At his campaign rally in West Virginia on Saturday night, Donald Trump took a minute to describe his relationship with North Korea's Kim Jong-un, and the recent negotiations he's had with the brutal dictator.
"I was really being tough -- and so was he. And we would go back and forth. And then we fell in love, okay? No, really. He wrote me beautiful letters, and they're great letters. We fell in love."
The president quickly predicted that news organizations would be critical of Trump expressing his love for a dangerous authoritarian tyrant, adding that his detractors would say it's "so un-presidential."
It was an interesting insight into how Trump thinks. In his mind, when Americans balk at a U.S. leader professing his love for a communist dictator who's threatened the United States and its allies, he assumes our principal concern is over his lack of stature and dignity.
But the real problem is what the president said, not how he said it. Whether Trump is "presidential" is less important than his love for a brutal dictator who's done nothing to earn the United States' affection. Trump isn't much of a reader, but someone at the White House could probably fill him in on the findings of the U.N. Human Rights Council's Commission of Inquiry on Human Rights in North Korea, which paints a nightmarish picture of conditions in the rogue nuclear state.

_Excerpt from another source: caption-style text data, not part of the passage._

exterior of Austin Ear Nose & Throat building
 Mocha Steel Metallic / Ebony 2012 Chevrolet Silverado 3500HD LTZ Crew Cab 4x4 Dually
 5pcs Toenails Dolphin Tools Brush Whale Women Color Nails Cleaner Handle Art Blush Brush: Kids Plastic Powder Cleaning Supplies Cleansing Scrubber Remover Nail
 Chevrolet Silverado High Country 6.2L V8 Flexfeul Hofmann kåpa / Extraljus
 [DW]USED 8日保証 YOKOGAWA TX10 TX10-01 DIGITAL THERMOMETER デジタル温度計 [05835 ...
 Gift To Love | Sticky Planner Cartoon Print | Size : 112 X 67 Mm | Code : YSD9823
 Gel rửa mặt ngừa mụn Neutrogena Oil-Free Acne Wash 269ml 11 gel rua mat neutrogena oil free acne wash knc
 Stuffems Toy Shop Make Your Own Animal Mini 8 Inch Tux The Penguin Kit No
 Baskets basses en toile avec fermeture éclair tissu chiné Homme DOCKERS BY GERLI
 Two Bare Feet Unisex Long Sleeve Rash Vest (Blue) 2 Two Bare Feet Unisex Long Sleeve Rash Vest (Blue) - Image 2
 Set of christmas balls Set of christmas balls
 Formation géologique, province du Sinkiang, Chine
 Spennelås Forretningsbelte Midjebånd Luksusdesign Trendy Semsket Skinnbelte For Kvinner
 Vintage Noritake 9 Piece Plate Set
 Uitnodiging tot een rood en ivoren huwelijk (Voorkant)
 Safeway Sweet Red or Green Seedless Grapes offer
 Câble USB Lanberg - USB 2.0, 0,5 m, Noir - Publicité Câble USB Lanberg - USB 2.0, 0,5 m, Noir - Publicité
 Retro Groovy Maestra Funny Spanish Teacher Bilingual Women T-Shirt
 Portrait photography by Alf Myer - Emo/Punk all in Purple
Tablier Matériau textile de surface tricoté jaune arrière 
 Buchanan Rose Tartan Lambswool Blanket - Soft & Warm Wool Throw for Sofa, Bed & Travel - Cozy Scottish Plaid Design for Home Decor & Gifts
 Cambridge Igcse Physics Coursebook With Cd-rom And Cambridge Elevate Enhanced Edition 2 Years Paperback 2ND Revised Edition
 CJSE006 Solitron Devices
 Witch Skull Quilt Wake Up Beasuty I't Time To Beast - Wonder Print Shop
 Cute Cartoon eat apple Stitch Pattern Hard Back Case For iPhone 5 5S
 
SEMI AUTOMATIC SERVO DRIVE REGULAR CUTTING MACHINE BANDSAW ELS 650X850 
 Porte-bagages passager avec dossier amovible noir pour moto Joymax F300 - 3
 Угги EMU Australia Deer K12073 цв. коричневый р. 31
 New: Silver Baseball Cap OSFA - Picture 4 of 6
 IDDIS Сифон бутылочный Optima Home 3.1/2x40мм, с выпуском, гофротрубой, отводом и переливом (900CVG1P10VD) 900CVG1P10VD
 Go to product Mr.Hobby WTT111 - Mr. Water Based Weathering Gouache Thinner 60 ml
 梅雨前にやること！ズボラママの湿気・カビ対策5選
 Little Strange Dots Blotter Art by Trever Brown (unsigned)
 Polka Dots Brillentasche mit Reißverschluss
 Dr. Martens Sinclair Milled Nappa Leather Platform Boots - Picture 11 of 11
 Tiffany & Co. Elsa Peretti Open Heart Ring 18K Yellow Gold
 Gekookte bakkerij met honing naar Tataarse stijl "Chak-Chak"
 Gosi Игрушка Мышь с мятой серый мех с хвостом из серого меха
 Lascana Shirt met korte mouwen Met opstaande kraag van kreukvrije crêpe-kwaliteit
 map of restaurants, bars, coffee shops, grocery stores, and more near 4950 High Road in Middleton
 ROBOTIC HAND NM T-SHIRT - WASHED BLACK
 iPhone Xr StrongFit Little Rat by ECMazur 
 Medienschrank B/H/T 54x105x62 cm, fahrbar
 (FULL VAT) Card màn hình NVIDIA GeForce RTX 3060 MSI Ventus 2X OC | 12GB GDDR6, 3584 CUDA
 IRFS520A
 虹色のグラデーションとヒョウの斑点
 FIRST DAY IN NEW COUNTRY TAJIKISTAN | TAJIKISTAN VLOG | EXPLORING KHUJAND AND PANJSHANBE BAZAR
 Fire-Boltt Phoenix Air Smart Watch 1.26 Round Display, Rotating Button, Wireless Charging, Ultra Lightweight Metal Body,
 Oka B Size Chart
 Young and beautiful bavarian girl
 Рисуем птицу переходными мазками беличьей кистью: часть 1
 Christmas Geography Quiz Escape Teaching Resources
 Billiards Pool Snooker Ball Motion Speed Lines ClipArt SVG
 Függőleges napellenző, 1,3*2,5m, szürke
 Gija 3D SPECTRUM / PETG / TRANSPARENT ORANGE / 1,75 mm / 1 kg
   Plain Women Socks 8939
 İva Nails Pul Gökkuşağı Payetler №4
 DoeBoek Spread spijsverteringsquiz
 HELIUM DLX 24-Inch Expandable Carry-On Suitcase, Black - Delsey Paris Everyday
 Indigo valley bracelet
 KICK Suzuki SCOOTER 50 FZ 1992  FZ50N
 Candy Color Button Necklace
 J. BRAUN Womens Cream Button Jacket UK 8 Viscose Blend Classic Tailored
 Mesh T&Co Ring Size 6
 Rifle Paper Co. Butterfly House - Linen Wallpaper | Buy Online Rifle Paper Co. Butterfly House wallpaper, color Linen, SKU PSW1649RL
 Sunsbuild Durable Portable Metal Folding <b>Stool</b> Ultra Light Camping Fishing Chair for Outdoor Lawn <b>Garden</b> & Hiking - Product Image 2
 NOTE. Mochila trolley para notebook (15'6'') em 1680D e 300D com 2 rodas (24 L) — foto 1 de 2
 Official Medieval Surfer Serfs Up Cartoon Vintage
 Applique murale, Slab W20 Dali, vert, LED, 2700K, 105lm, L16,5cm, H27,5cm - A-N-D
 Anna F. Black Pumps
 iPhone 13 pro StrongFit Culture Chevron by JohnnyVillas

Complicating matters, Trump may believe he and Kim Jong-un "fell in love," but there's a possibility this is a one-sided affair. The New York Times reported on Saturday, before the president's speech:
North Korea's foreign minister said on Saturday that there was "no way we will denuclearize" without getting so-called trust-building concessions from the United States, an assertion that reflected a continuing divide over efforts to ease nuclear tensions on the Korean Peninsula."Without any trust in the United States, there will be no confidence in our national security, and under such circumstances there is no way we will unilaterally disarm ourselves first," the North Korean minister, Ri Yong-ho, told the United Nations General Assembly.
It's a familiar dynamic: the United States said it'll scale back sanctions once North Korea moves toward denuclearization, to which North Korea says it'll move toward denuclearization once the United States scales back sanctions.
The difference, however, is Trump's antics. The American president, when he's not touting his love for the tyrant, tells the world how much success he's had in eliminating the North Korean threat, and how he's achieved historic breakthroughs, solving a dangerous crisis.
But he hasn't. Trump has already made a series of concessions to Pyongyang in exchange for nothing, and the more he professes his love for North Korea's dictator, the more North Korea wonders what more it can get from the overeager Republican.